▶ **Problem statement**
From the first record to the last, write each one out again exactly.

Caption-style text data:
+--

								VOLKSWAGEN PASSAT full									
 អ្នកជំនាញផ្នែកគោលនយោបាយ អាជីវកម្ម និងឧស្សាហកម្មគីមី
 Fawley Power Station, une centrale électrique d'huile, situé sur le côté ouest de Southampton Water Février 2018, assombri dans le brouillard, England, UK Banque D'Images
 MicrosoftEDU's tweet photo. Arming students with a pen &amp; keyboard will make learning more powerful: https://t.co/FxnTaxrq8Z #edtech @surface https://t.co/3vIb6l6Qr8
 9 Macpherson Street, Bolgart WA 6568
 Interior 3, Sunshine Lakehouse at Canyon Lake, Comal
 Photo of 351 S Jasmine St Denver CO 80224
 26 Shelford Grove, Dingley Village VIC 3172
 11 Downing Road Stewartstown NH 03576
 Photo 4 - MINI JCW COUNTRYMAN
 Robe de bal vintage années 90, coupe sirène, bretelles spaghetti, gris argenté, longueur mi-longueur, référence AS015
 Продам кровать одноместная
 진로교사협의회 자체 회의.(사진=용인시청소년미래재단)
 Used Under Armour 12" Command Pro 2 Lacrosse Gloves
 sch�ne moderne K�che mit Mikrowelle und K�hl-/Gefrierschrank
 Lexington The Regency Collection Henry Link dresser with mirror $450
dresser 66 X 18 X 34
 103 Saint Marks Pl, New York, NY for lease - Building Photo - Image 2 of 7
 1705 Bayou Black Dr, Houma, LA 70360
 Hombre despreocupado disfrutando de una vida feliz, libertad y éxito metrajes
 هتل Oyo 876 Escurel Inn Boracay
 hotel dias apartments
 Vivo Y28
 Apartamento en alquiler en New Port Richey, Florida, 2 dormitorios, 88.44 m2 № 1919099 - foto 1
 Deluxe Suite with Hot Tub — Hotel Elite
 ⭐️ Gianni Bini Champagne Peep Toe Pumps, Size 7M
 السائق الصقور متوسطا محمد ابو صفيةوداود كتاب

+--

▶ **Answer to this problem**
								VOLKSWAGEN PASSAT full									
 អ្នកជំនាញផ្នែកគោលនយោបាយ អាជីវកម្ម និងឧស្សាហកម្មគីមី
 Fawley Power Station, une centrale électrique d'huile, situé sur le côté ouest de Southampton Water Février 2018, assombri dans le brouillard, England, UK Banque D'Images
 MicrosoftEDU's tweet photo. Arming students with a pen &amp; keyboard will make learning more powerful: https://t.co/FxnTaxrq8Z #edtech @surface https://t.co/3vIb6l6Qr8
 9 Macpherson Street, Bolgart WA 6568
 Interior 3, Sunshine Lakehouse at Canyon Lake, Comal
 Photo of 351 S Jasmine St Denver CO 80224
 26 Shelford Grove, Dingley Village VIC 3172
 11 Downing Road Stewartstown NH 03576
 Photo 4 - MINI JCW COUNTRYMAN
 Robe de bal vintage années 90, coupe sirène, bretelles spaghetti, gris argenté, longueur mi-longueur, référence AS015
 Продам кровать одноместная
 진로교사협의회 자체 회의.(사진=용인시청소년미래재단)
 Used Under Armour 12" Command Pro 2 Lacrosse Gloves
 sch�ne moderne K�che mit Mikrowelle und K�hl-/Gefrierschrank
 Lexington The Regency Collection Henry Link dresser with mirror $450
dresser 66 X 18 X 34
 103 Saint Marks Pl, New York, NY for lease - Building Photo - Image 2 of 7
 1705 Bayou Black Dr, Houma, LA 70360
 Hombre despreocupado disfrutando de una vida feliz, libertad y éxito metrajes
 هتل Oyo 876 Escurel Inn Boracay
 hotel dias apartments
 Vivo Y28
 Apartamento en alquiler en New Port Richey, Florida, 2 dormitorios, 88.44 m2 № 1919099 - foto 1
 Deluxe Suite with Hot Tub — Hotel Elite
 ⭐️ Gianni Bini Champagne Peep Toe Pumps, Size 7M
 السائق الصقور متوسطا محمد ابو صفيةوداود كتاب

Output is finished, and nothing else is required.